A project log for PEAC Pisano with End-Around Carry algorithm

Add X to Y and Y to X, says the song. And carry on.

yann-guidon-ygdesYann Guidon / YGDES 12/18/2022 at 01:180 Comments

Have a look at N00N protocol : Header and payload checksums with PEAC !

To the curious, the first actual use of PEAC in a protocol is a scrambler for digital radio coms. But packet checksum is the application for which PEAC was initially developed.

There are 2 cases, both using 16-bit words :

  1. Header : 5 words (80 bits) are checksummed into 1 word (16 bits), giving a 20% overhead that should still cover the great majority of cases, since normally, error probability is proportional to the size of the data to protect. Here, the 96 bits should be quite safe and we should run actual Hamming distance tests.
    Note 1 : a higher overhead is OK for such a small structure, particularly because it is part of "parsing" the continuous stream and it is part of the resynchronisation process. Unlike MIDI (which uses the MSB of the bytes) or MPEG (that uses the value FF as a dlimiter) N00N has no inband/outofband signaling and must rely on pattern matching to detect the start of a valid packet. Adding 2 bytes of checksum increases (by 64Ki times) the chance to reject coincidences that could appear inside or outside of a packet. Further filtering (by ID, type, flags etc.) helps reject even more malformed or desynchronised packets.
    Note 2 : the checksum protects the payload size field.
    The fixed size allows a dedicated implementation that saves some instruction in the beginning and the end of the routine, by propagating invariants. Handy !
  2. Payload : variable size, that could reach up to 256Ki bytes, so the full output of the checksum (32 bits) is used.

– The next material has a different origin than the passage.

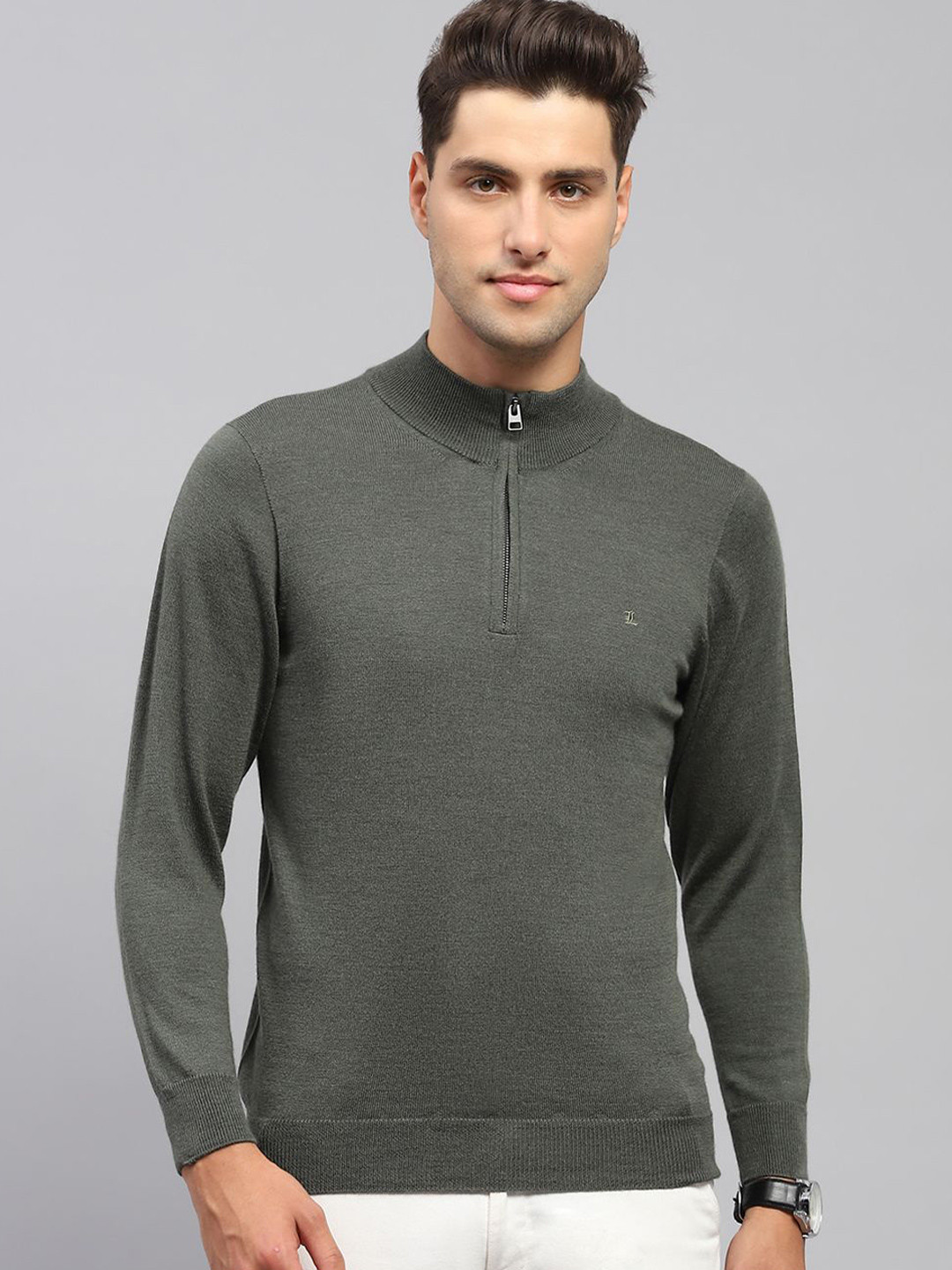 

Monte Carlo Men Woollen Pullover, Olive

Normally messages should weigh around 200 bytes, or 50 pairs of 32-bit words. That's 2% overhead. Up to 4KiB is OK in theory though pretty unlikely. The checksum and the protocol are optimised for pairs of 16-bit words so they are very easy to manage and handle, with the least corner cases possible. I'm pretty proud of this "clean" reference implementation though some platforms can benefit from particular optimisations.

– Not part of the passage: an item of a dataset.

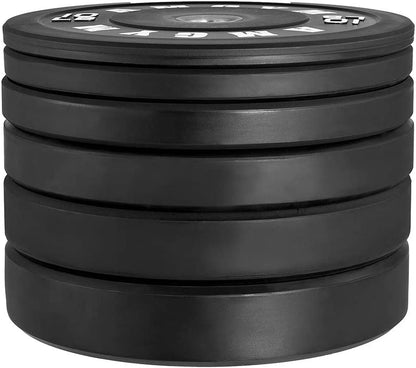 2-Inch Olympic Rubber Bumper Plates Set (10-650 lbs) for Home Gym Strength Training and Weight Lifting - Available in Multiple Colors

In both versions, I use the 3-variable code. It uses 2 operations to manage the carry for every 16-bit word. They may look overkill and may not affect the result as much, though this is a key difference between PEAC and other checksums (Fletcher in particular). Without these 2 operations (shift and mask that can execute simultaneously) the efficiency would drop, as some errors would not be distinguishable.